SI researchers expect the fastest growth to come in the intermediary channel.

Intermediaries, on SI’s analysis, will benefit as aging investors transition from other channels, such as seeking professional advice when rolling over assets from a 401(k) account. 

Wirehouses are expected to hold onto their strong position, with 44% of projected 2013 year-end fund assets, but they also have to deal several issues. These include problems in adviser and asset retention, and tarnished brand images following the financial crisis. 

Regional firms have expanded based on strong records for customer satisfaction and consistent service, SI says. The independent adviser channel, conversely, has backtracked in the past few years, because of mergers, acquisitions, firm closures, consolidations and adviser retirements.

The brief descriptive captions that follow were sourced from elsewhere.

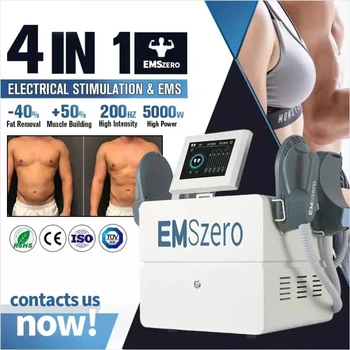 Преносим апарат DLS-EMSLIM с 4 дръжки EMSzero Капацитет 6000 Вата, за стимулация на мускулите, изгарянето на мазнините, електромагнитна корекция и красота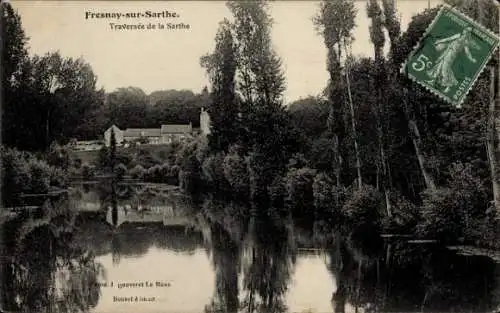 Ak Fresnay-sur-Sarthe, Überquerung der Sarthe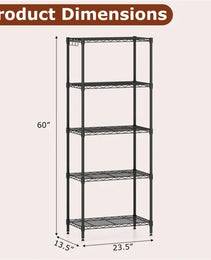 5-Tier Heavy-Duty Metal Wire Shelving, 750 LBS Total Load With Multi-Grade Per Shelf Capacity For Garage & Kitchen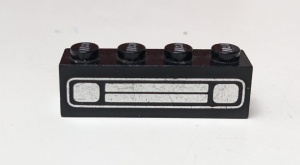 3010pb035u-11G Steen 1x4 met grill chroom zwart gebruikt *5V04-19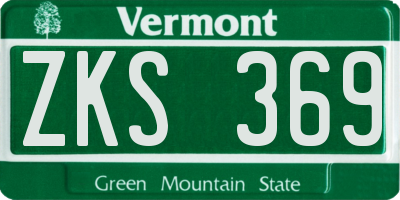VT license plate ZKS369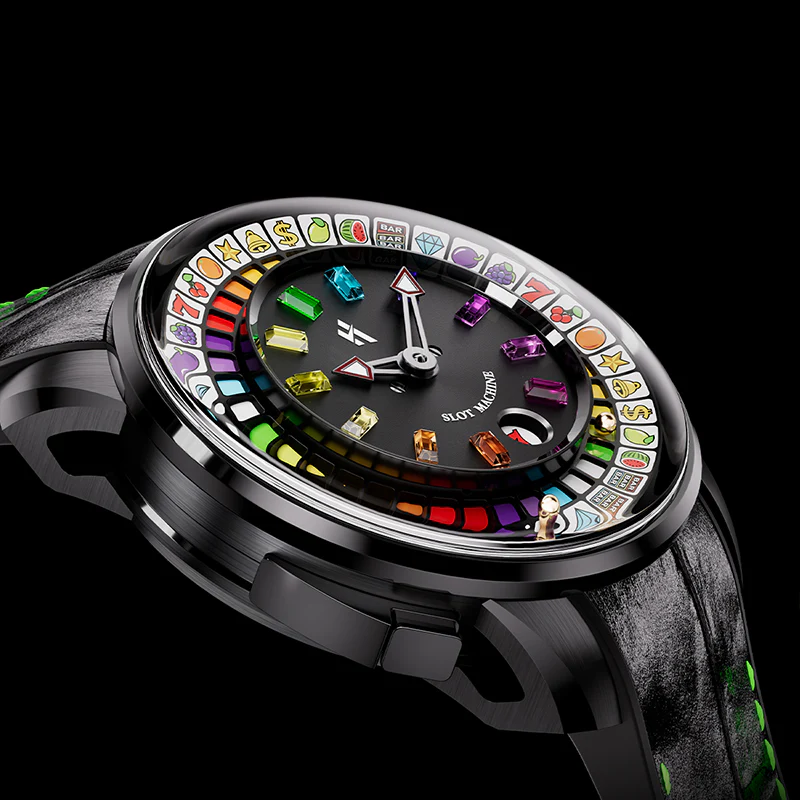 Lucky Harvey Black Slot Machine Roulette Watch with Gemstone Hour Markers – Limited Edition of 100 thumbnail 3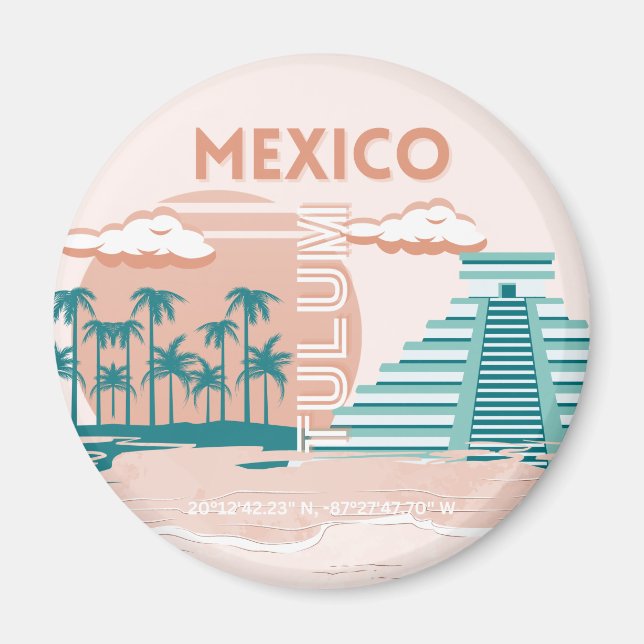 Imán Tulum, México, arte de viajes, retro (Frente)
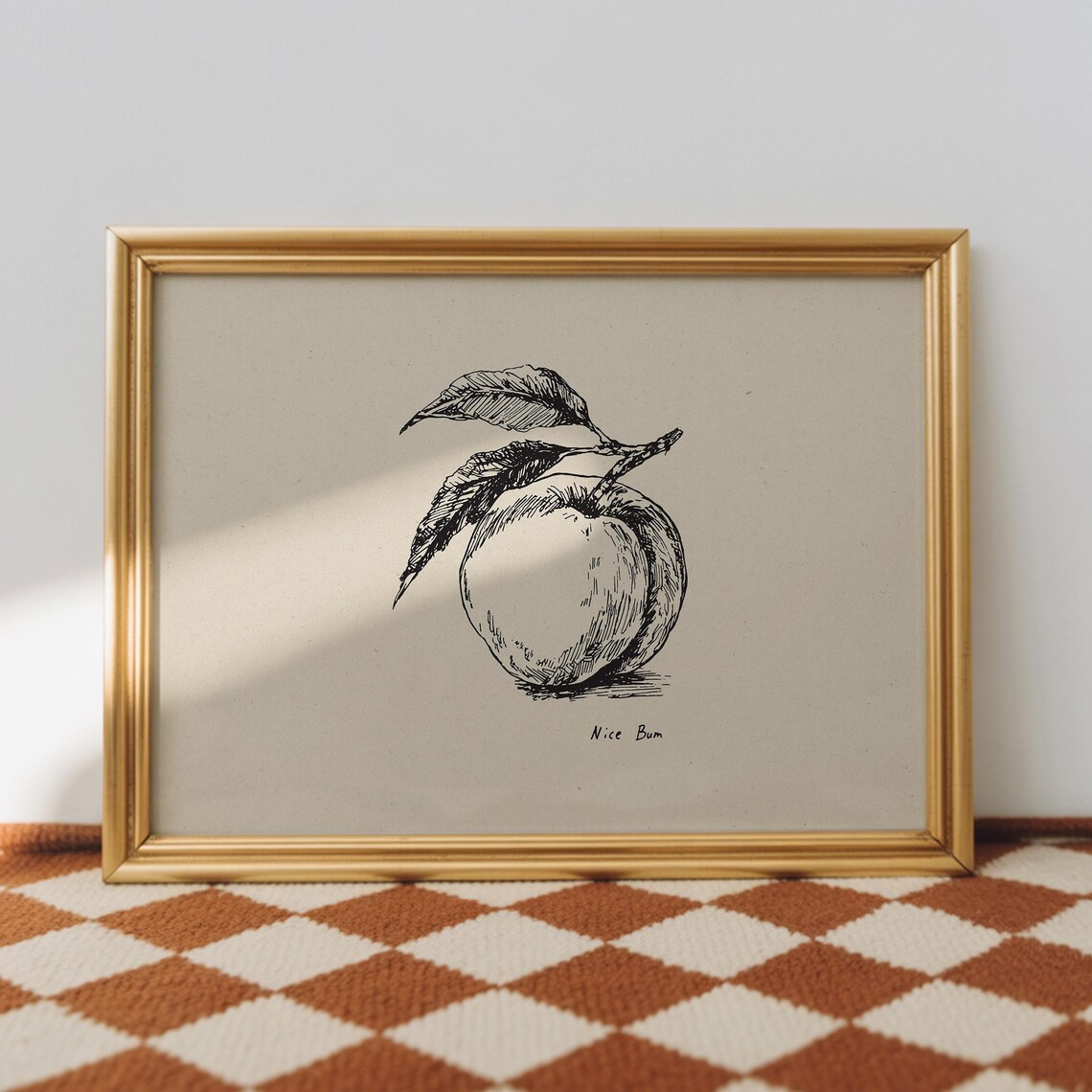 Nice Bum Funny Peach Ink Line Drawing Cheeky Bathroom Poster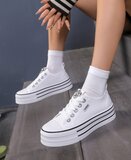 Witte platform sneakers Sharona met strass details_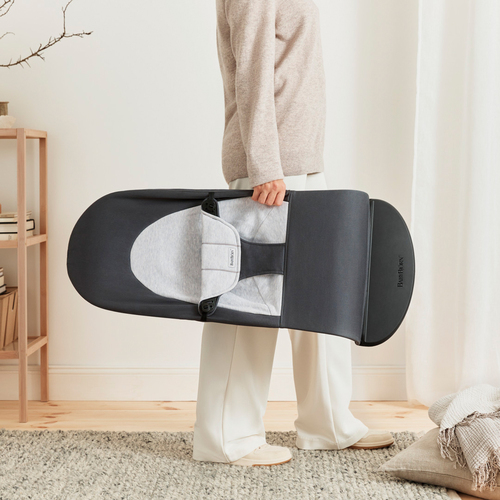BabyBjörn Balance Soft Vippestol Vevet Jerseystoff, Mørkegrå/Grå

SI researchers also point out that the registered investment adviser (RIA) segment stands out as the most independent section of the intermediary channel, and consists of more than 27,000 firms of varying sizes, making wholesaling a challenge. SI expects the RIA population to increase the most of any intermediary channel. Advisers with dual registration (with an RIA and a broker/dealer) have also become an increasingly important part of the channel. 

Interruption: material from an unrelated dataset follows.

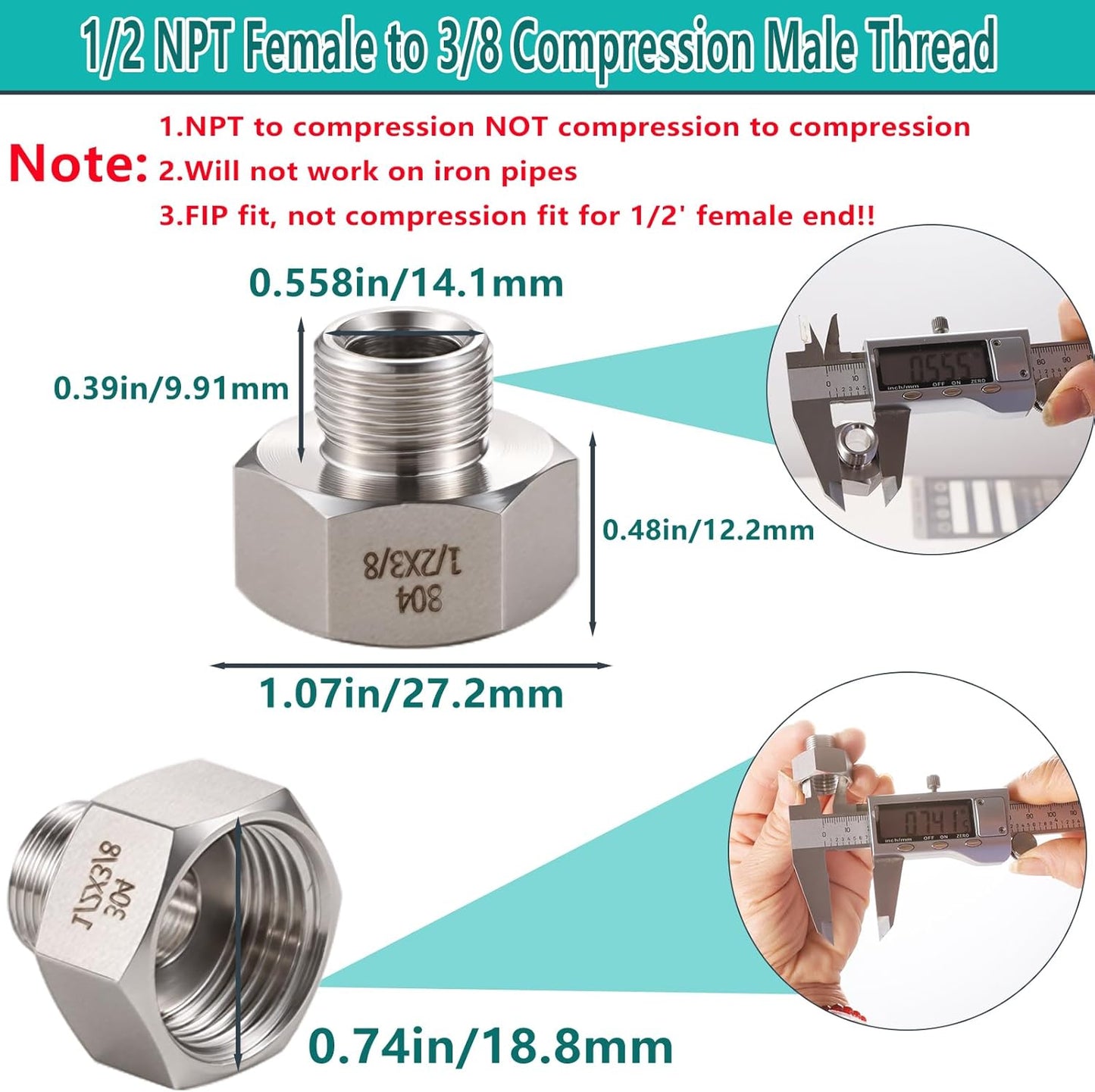 Reductor acero inox 1/2 hembra a 3/8 macho para grifo cocina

One channel that remains relatively untapped is the employer channel. According to SI, expanding into this channel is ideal for expanding both assets and automatic funding into 529 plans.

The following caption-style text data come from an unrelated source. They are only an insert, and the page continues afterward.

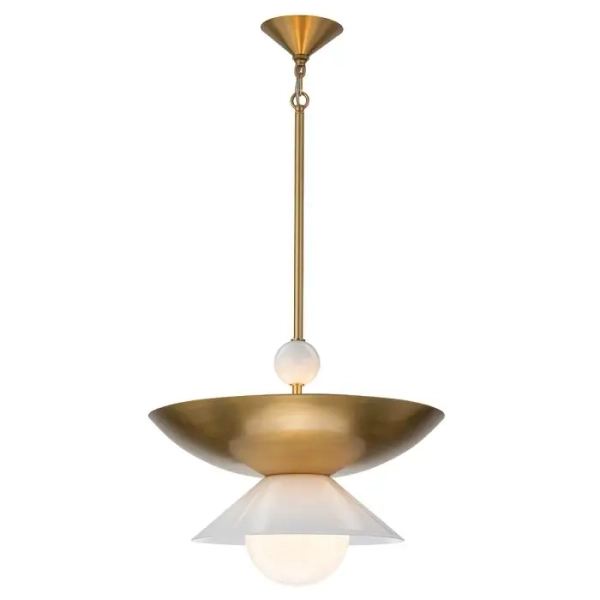 Wisząca lampa do salonu Saucer QN-SAUCER-4P-L-AB-OPAL kula mosiądz
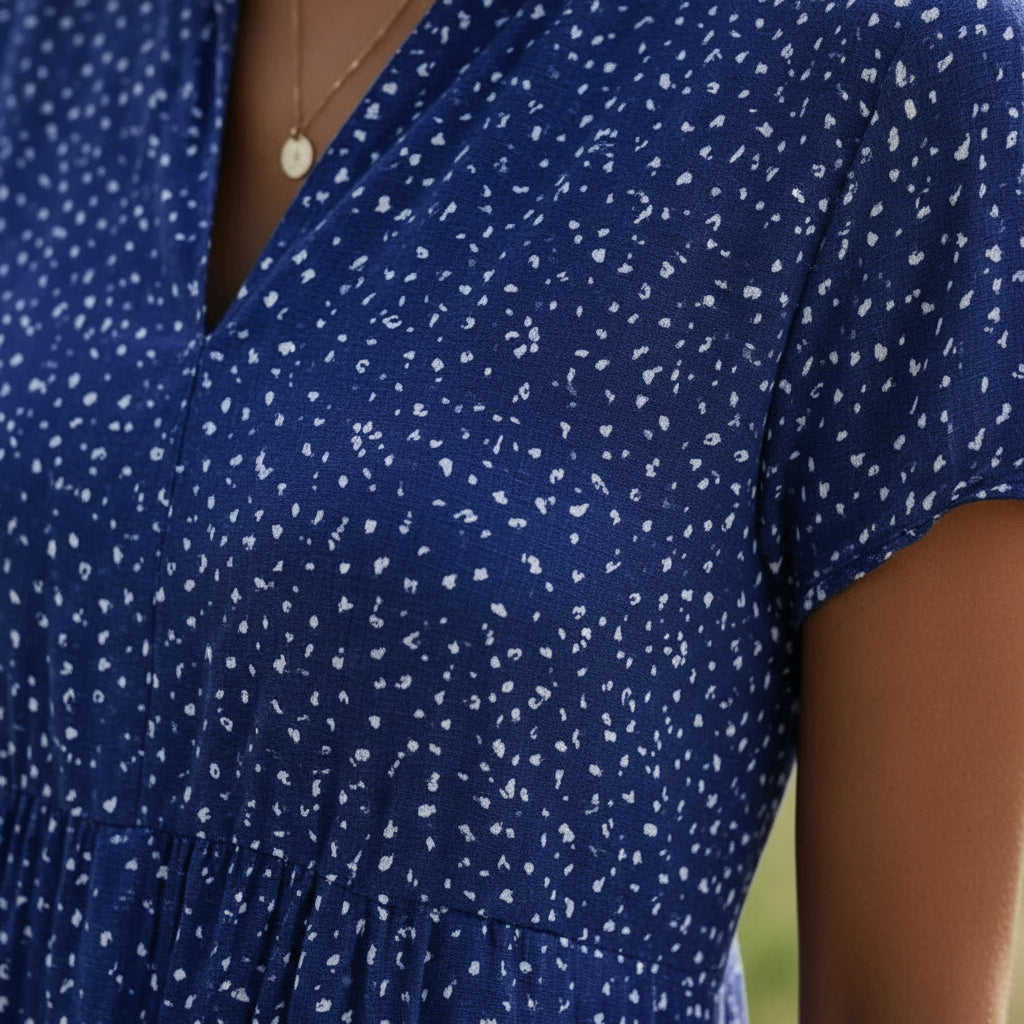 ROSALINDA | Vestido Midi con Cuello en V y Estampado de Puntos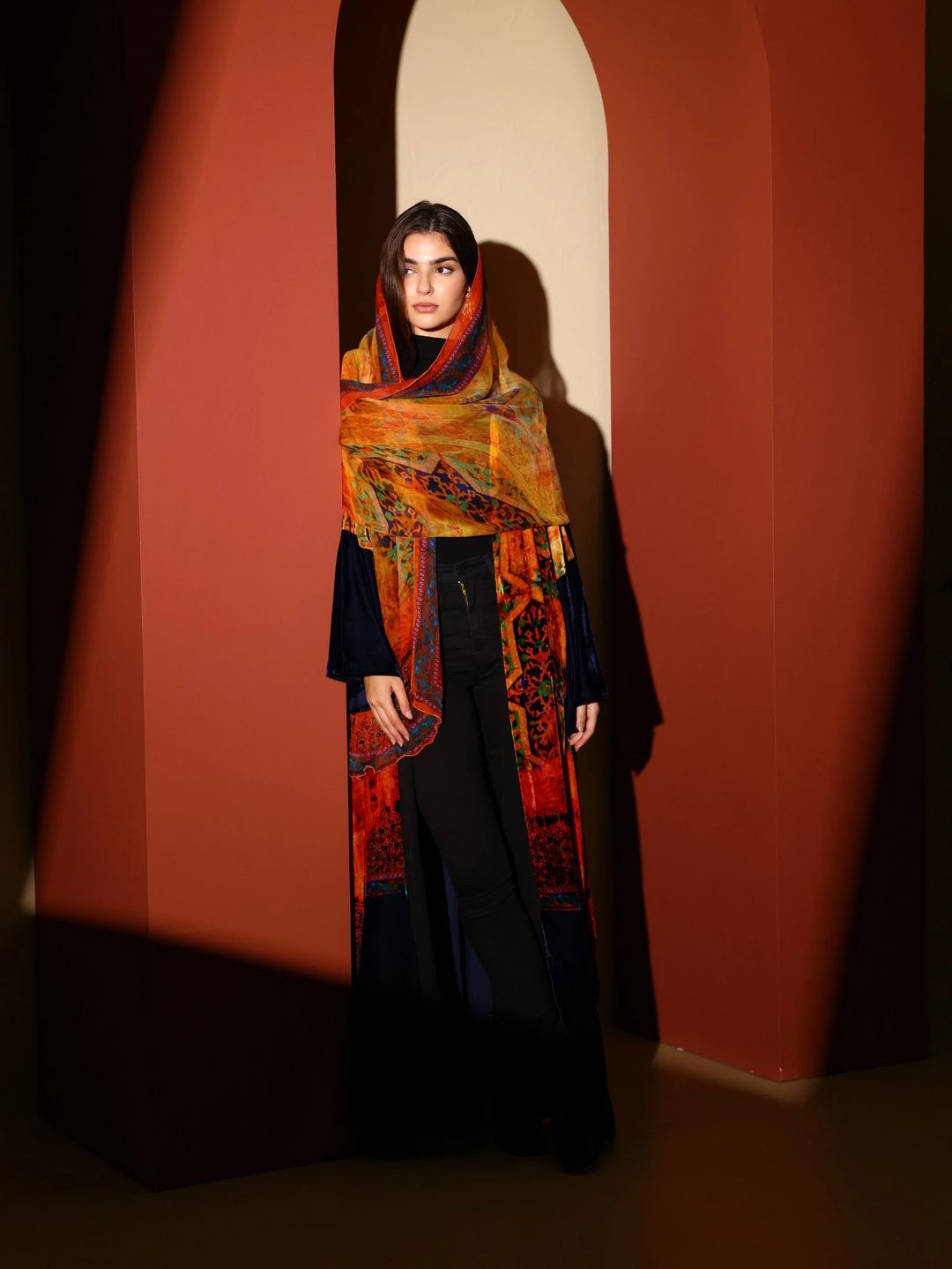 Velvet Abaya w Chiffon Tarha J8 - 6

About a third of parents (30%) say that they use a 529 plan to save for college, SI found in its research, but just 7% report that they enrolled in it through an employer. The employer channel can be useful in expanding industry assets, SI says, because 90% of the 529 users who enrolled that way use automatic funding for their accounts. Auto enrollment is an effective way for savers to continually contribute and grow their accounts, which is good for both advisers and their clients.

For that reason, SI urges product providers to allocate more resources to support employers directly and to consider utilizing benefits fairs and other initiatives to encourage employees to save more. 

Looking more generally at the 529 space, total assets have grown to about $183.5 billion, as of the end of the second quarter of 2013. That’s an all-time high and 64% higher than the pre-recession year-end high of $112 billion, measured in 2007. 

Assets in plans sold by advisers have been steadily declining year over year. In fact, the adviser channel accounted for 62% of the 529 savings plan industry assets in 2003, but only 49% as of the second quarter.

Investors have been returning to the industry since 2008, with direct-sold plans gathering the majority of net flows. The growth of the intermediary channel will be critical to the future of all 529s, even direct-sold plans, where financial advisers play an important part in enrollment.